There is more than one type of burglary that can affect your home. One involves kicking in the door; another involves compromising your computer. And if the intruder in this scenario has compromised your wireless network, you might as well have given them a key to the front door.
Just as home wireless networks can offer you the freedom to access your online data untethered to a physical connection, if improperly configured, that same wireless local area network (WLAN) gives that freedom to an attacker.
Fortunately, there are a number of steps you can take to make sure your wireless connection is as secure as possible.
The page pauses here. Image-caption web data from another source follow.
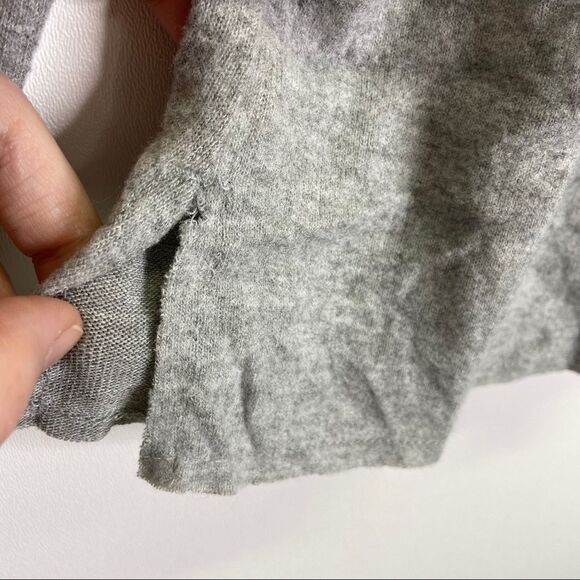 Caslon Grey Brushed Soft Knit Long Sleeve Top XS NEW - Picture 7 of 11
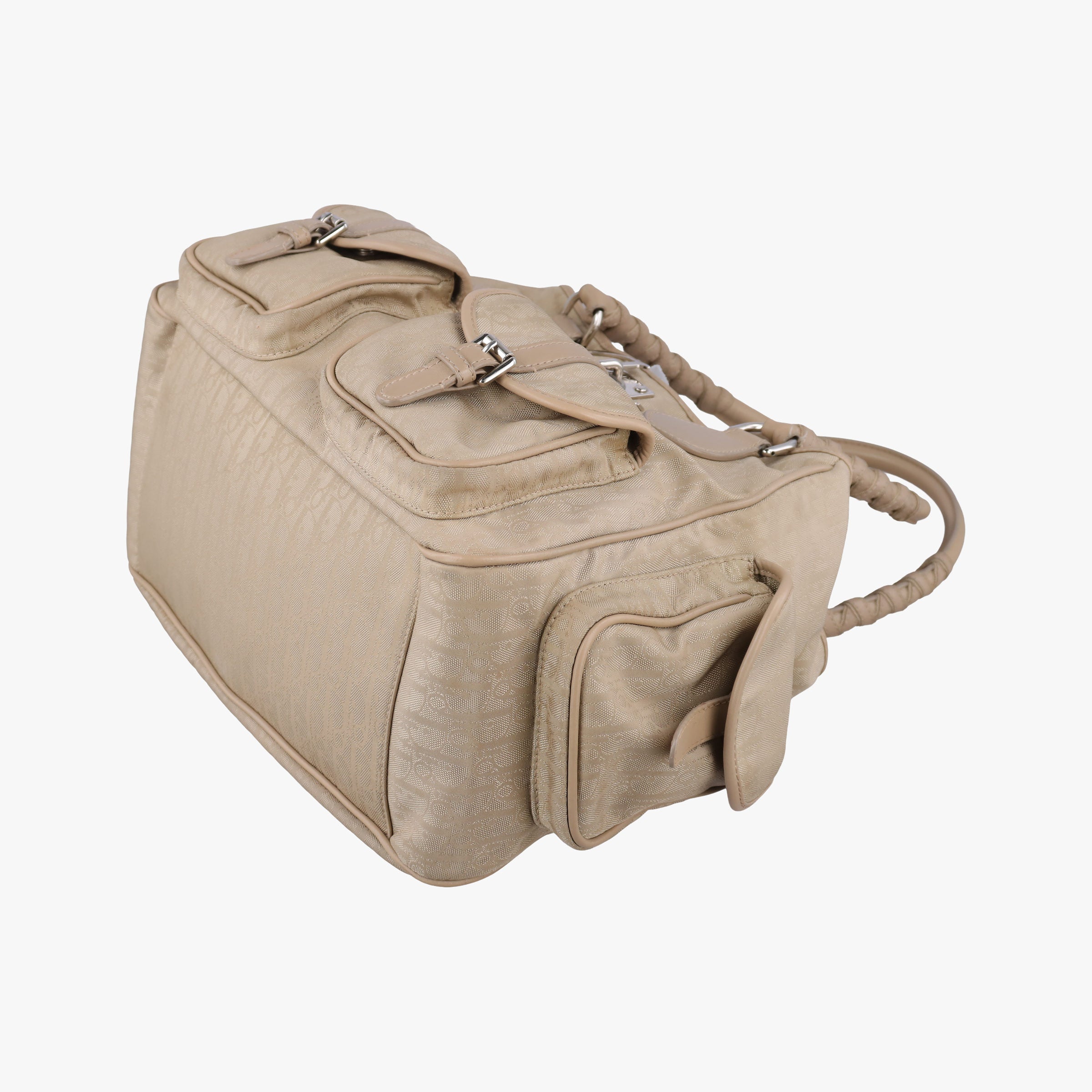 Lovely Trotter khaki Cotton Canvas × Leather 14-BO-0047ラブリー トロッター カーキ コットンキャンバス ×レザー 14-BO-0047
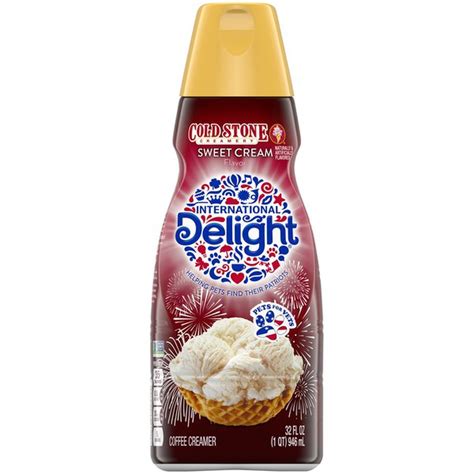 While many coffee lovers prefer pure black coffee, there are just as many who can't live without their favorite creamer. International Delight Cold Stone Creamery Sweet Cream ...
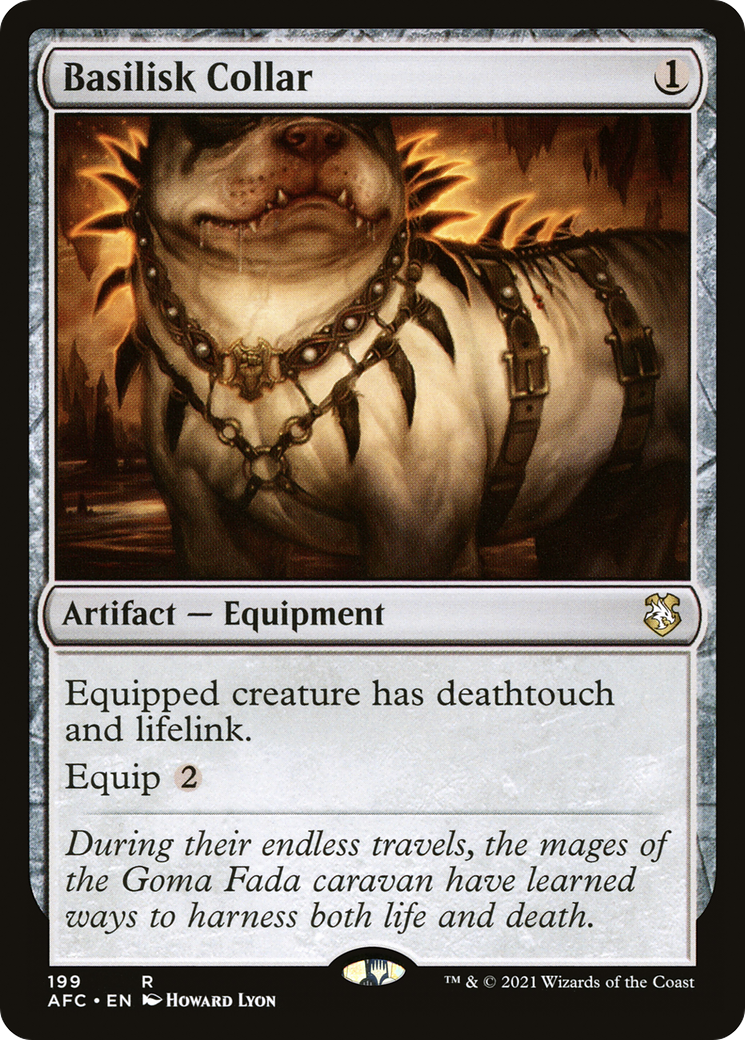 Image of Basilisk Collar [Dungeons & Dragons: Adventures in the Forgotten Realms Commander]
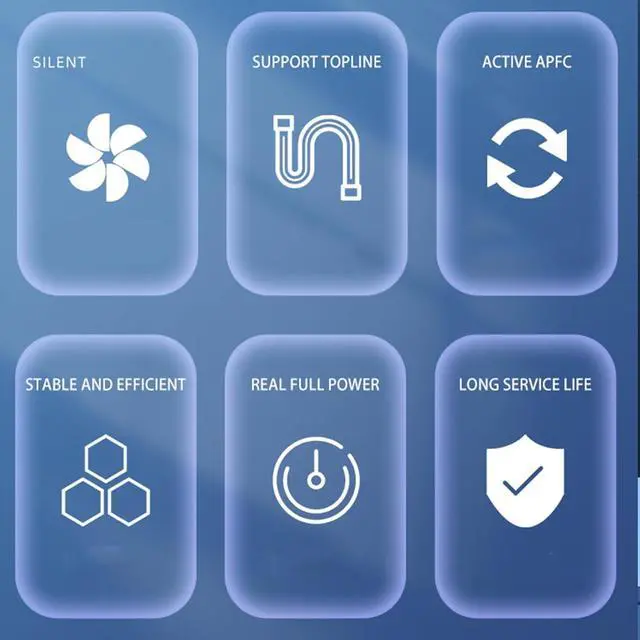 Alt view image 4 of 7 - 550W Computer Power Unit With Quiet 12CM Fan Color Lights Hydraulics Bearing Enhances Cooling Efficiency PC Power Supply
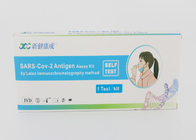 Corredo rapido SARS-Cov-2 della prova dell'antigene nasale del tampone di autoverifica di COVID 19 per uso della famiglia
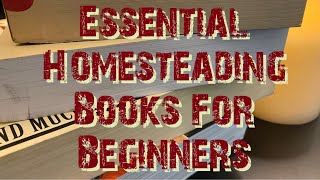Essential Homesteading BOOKS 📚 For Beginners! #homesteading #books
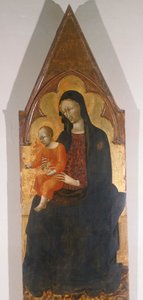 Madonna mit Kind, Detail des Polyptychons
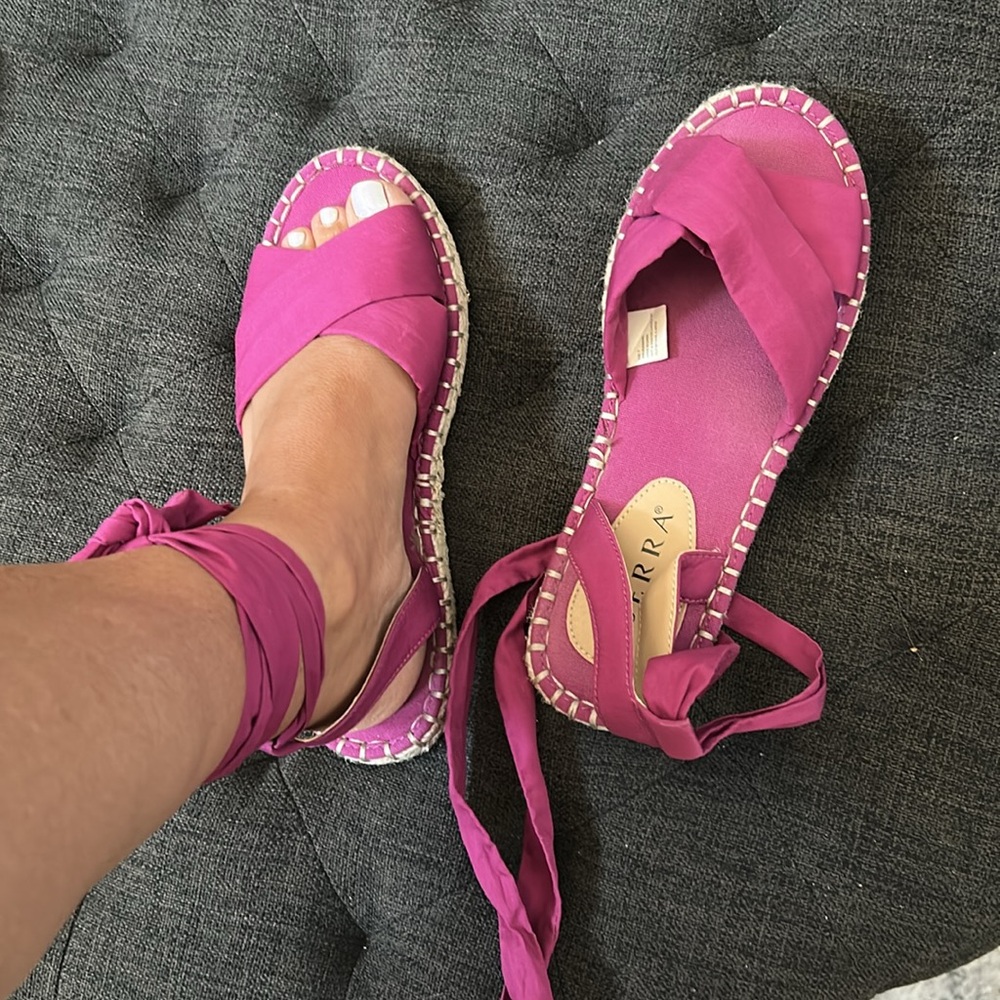BOHO Serra Pink Espadrille Shoes with Ankle Strap- wear it many ways!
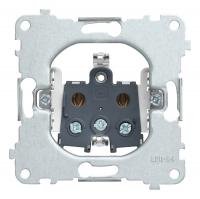 Механизм розетки 2к+з с винтовым подключением (32131)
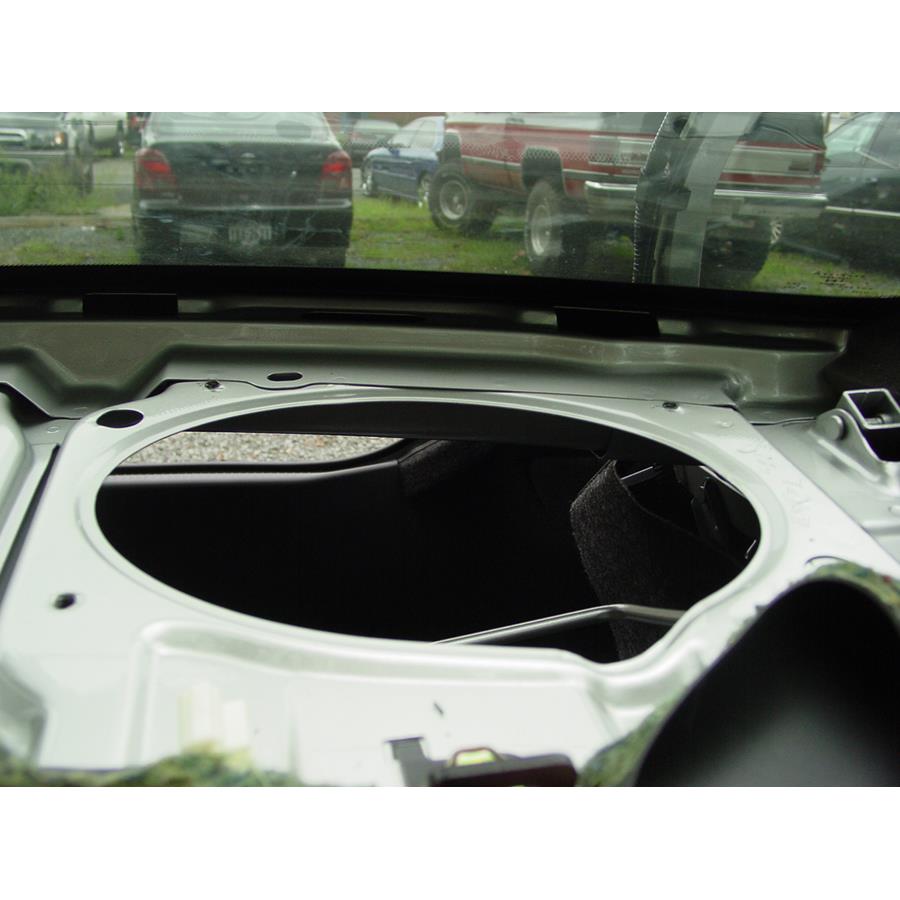 2008 Toyota Camry Solara Rear deck speaker removed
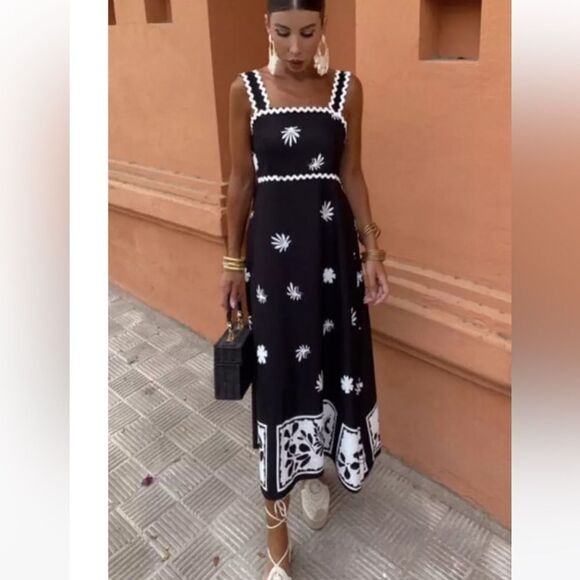 Zara blogger favorite printed cotton dress - Picture 5 of 11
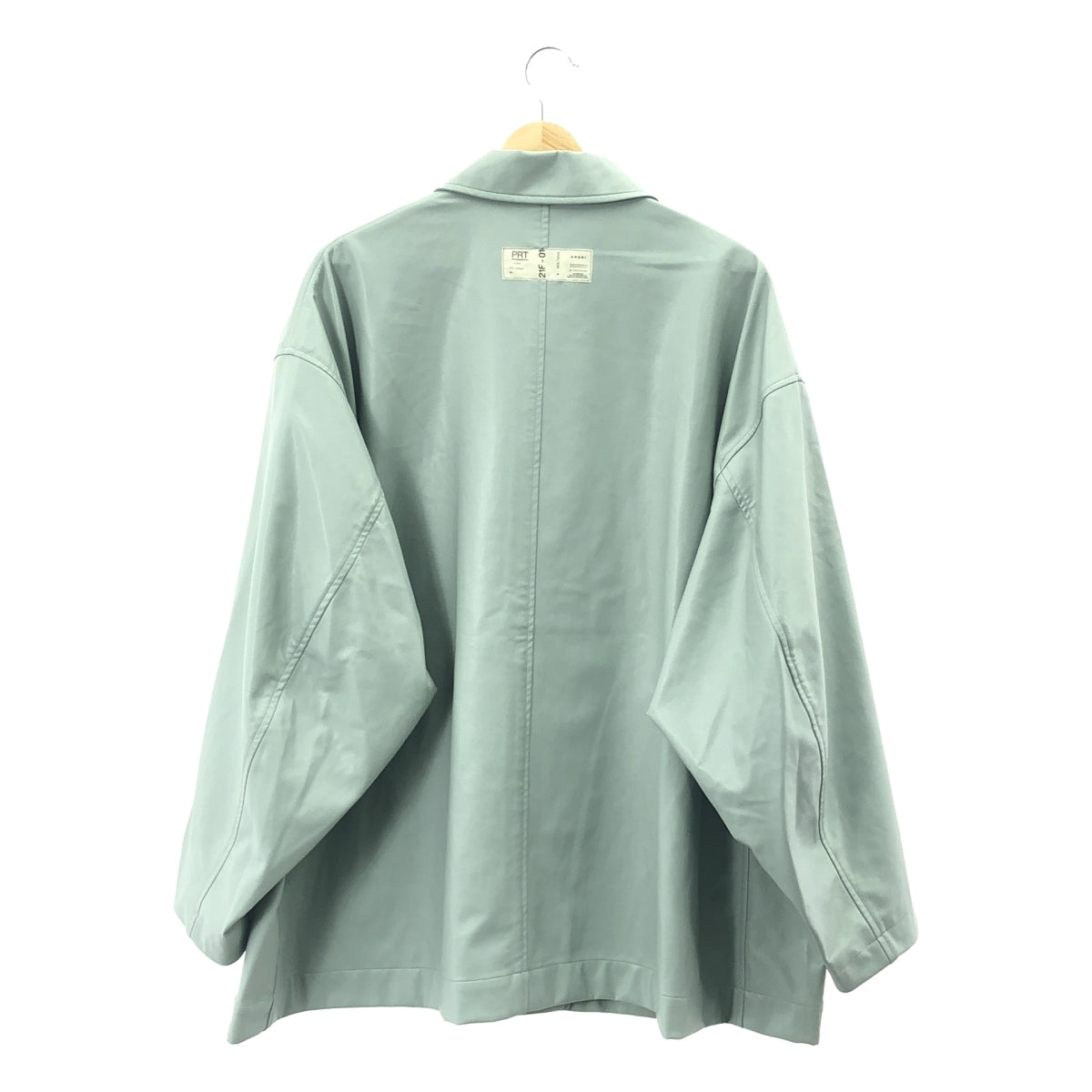 【美品】  AMERI / アメリ | × N.HOOLYWOOD / エヌハリウッド FAKE LEATHER JACKET / フェイクレザー オーバー ジャケット | S | グレー | レディース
Step 1: Avoid Default Passwords
Setting up a router and leaving the default password of the administrator account in place is what in technical terms we call a very, very bad idea. The guest account default settings should be changed as well assuming that has been enabled. Once that is taken care of, the next step is to come up with a strong password to replace the one you just removed. Much has been written about the importance of developing complex passwords in the past. If you need a few tips, start by making sure that you mix letters and numbers into the password so that the password itself is not an actual word. Stay away from birthdays, names, or anything that could be easily guessable.
Step 2: Consider Changing the Default SSID Name
The service set identifier (SSID) is the public name of your wireless network. Many times, manufacturers will use the same SSIDs for all their products. Though this does not directly impact the security of your network, if an attacker identifies a default SSID, they may be encouraged to try to attack it under the assumption that the network may also use a default password and be insecurely configured. While some argue for hiding SSIDs altogether, in truth this has little effect on security. The SSID is not a network password after all, and there are a number of tools hackers can use to discover it.
Step 3: Protecting Access Points With Encryption
Encryption is a must for protecting your wireless network. The best answer for your encryption needs is WPA2 (WiFi Protected Access 2), which is stronger than its predecessor – WPA – as well as WEP (Wired Equivalent Privacy), which preceded WPA and has been found to be riddled with security holes. Unlike other versions, WPA2 mandates the use of AES (Advanced Encryption Standard) algorithms for security. Though WPA2 is not supported by some older wireless cards and access points, try to go with the most secure option available whenever possible.
Step 4: Enable the MAC Address Filtering Feature
A media access control (MAC) address is a unique hardware identifier for your computer. By enabling MAC filtering, you can exercise more control over who can connect to your network by setting up a list of clients that will be allowed to join. Once it’s enabled, the router/access point will check the MAC address of any client that sends a request to join the network against that list. Those that are not on the list cannot join. This is not a solution for keeping an attacker off your network, as MAC addresses can be faked, so be sure to take other security precautions as well.
Step 5: Disable Remote Administration
Some wireless networking routers allow users to administer the router remotely from anywhere. If this is not absolutely necessary, there is no reason to keep this feature enabled. Doing so opens up a potential door to attackers who could exploit the situation to gain administrative access to your router over the Internet.
Remember, steel doors mean nothing if they are left open, so following a few basic steps should be step one in defending yourself from attackers.